The effect sizes were for most combinations very similar in the correlations and the ANCOVAs. In all but one case, adding the MAAS score as covariate did not significantly improve the model fit. Only in the ES MW variable in GUP did adding the MAAS score as covariate significantly improve the model fit. There the estimate of association between ES MW and the MAAS score slightly increased when accounting for experimental manipulations. This result provides confirmatory evidence that MAAS and ES MW are weakly negatively associated in the GUP sample.

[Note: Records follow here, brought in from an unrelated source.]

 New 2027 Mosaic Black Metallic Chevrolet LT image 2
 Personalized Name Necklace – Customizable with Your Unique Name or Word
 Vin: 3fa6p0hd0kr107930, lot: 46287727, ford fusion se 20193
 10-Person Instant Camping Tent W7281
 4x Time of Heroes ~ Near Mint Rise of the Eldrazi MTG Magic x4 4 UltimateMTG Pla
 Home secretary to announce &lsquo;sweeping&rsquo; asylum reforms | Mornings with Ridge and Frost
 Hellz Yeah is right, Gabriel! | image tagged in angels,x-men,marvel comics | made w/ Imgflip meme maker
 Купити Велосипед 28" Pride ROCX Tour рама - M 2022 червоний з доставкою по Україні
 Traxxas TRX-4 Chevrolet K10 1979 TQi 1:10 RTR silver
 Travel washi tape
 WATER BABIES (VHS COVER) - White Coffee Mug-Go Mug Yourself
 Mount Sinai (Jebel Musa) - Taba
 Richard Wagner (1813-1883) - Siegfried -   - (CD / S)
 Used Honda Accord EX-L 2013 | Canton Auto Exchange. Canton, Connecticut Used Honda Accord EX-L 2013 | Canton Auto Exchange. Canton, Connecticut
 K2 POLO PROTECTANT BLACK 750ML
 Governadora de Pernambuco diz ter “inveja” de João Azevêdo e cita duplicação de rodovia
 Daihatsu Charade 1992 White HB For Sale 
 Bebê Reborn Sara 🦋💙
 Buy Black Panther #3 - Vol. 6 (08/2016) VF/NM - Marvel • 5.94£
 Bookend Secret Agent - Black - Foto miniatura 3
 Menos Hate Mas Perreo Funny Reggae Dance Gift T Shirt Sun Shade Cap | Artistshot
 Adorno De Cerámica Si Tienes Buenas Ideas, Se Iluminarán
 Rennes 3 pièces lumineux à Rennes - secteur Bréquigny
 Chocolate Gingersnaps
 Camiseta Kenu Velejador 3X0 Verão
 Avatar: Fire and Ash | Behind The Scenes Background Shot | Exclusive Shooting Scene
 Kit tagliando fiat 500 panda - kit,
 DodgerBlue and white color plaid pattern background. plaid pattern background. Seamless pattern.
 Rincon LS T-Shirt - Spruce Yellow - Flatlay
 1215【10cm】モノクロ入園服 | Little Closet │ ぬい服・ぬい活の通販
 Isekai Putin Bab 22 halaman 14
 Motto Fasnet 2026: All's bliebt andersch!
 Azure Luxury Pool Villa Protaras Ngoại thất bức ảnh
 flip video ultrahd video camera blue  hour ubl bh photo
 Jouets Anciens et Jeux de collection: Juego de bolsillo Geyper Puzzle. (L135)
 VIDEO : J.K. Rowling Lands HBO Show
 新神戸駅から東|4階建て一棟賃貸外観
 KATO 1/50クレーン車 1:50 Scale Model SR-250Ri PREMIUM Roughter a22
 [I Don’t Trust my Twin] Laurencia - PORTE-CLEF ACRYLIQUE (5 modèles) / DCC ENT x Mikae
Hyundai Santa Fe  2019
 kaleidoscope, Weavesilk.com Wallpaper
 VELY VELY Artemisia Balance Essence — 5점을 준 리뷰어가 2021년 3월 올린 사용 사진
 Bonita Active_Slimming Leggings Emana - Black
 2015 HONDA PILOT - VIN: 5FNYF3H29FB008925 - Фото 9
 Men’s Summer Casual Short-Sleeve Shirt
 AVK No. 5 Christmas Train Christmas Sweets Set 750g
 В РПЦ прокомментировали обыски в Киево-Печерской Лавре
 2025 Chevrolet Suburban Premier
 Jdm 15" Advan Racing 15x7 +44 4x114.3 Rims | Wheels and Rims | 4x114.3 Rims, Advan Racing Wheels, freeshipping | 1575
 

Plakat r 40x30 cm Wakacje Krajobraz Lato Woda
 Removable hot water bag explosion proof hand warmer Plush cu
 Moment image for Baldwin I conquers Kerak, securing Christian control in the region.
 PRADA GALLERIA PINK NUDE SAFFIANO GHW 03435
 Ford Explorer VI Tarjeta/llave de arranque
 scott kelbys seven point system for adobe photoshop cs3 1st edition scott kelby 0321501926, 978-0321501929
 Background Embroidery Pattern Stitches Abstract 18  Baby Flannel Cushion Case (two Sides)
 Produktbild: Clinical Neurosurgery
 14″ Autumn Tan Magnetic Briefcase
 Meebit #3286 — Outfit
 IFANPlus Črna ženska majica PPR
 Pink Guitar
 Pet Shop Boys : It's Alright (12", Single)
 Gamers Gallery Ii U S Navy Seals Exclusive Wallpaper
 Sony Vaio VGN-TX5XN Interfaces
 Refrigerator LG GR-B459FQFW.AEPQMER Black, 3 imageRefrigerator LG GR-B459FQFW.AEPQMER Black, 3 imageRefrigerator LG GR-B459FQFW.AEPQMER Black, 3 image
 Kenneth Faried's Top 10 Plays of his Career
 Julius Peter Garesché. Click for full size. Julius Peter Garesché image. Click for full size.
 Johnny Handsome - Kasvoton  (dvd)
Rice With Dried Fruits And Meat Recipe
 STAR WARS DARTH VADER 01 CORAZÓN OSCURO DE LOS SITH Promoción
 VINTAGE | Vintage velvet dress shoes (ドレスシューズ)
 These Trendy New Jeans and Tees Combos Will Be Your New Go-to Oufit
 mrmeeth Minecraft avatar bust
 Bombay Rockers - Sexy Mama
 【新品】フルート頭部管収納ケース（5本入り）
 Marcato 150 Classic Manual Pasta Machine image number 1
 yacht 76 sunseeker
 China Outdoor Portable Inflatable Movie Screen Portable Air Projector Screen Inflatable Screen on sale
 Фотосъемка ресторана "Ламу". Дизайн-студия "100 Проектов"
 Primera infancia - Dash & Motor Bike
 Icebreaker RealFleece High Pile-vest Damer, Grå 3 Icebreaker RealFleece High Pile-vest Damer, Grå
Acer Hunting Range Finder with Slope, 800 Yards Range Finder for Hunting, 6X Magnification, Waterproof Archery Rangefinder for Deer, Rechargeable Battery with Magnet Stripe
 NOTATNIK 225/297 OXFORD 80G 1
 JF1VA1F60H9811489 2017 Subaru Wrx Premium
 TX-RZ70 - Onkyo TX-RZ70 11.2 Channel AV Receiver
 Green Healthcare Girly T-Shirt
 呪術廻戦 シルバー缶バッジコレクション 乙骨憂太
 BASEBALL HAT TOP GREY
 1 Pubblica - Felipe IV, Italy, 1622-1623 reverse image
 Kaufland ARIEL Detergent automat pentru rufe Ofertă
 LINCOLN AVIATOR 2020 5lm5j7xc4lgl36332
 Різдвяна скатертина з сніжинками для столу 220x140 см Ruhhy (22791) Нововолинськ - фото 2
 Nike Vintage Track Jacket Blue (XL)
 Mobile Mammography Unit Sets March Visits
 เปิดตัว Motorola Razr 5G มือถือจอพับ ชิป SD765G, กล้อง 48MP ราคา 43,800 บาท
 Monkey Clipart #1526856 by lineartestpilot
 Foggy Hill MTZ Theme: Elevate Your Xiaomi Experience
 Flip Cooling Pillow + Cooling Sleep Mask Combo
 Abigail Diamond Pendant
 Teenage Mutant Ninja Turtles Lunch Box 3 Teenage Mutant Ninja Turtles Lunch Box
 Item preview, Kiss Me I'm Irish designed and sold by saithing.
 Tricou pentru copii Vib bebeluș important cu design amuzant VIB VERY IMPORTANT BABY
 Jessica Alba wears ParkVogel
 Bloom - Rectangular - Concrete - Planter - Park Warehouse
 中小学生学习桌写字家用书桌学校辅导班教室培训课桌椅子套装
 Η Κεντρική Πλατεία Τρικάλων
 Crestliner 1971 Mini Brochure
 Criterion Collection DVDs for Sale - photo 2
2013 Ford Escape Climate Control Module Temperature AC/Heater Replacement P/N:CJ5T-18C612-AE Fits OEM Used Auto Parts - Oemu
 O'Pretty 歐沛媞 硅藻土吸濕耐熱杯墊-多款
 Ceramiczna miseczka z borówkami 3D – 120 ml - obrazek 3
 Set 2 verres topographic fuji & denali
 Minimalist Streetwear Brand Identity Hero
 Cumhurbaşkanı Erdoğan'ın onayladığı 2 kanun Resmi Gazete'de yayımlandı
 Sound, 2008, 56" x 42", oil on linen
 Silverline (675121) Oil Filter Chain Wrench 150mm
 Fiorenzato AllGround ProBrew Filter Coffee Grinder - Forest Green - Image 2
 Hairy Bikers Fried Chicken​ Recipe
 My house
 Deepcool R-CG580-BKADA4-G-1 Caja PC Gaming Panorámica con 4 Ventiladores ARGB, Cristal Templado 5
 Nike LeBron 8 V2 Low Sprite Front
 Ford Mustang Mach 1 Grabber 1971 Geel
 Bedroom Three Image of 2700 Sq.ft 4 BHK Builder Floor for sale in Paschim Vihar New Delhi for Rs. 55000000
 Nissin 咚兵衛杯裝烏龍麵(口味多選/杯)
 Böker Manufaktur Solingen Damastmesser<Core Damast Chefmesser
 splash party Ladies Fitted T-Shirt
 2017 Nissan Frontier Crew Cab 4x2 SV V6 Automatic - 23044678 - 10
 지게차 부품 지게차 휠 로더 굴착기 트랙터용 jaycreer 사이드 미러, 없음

Table 5 MAAS total score as covariate compared to correlation coefficients and model comparison ANOVA versus ANCOVA.

Discussion

We examined the psychometrics of MW, meta-awareness of MW, and trait mindfulness, as well as the associations between these constructs. Overall, we found reasonably good psychometrics of all measures, and evidence that MW and trait mindfulness are indeed moderately negatively correlated. This association was not moderated by meta-awareness of MW. Neither the psychometrics nor moderating effects of meta-awareness can therefore readily explain that associations between MW and mindfulness are of a rather low magnitude.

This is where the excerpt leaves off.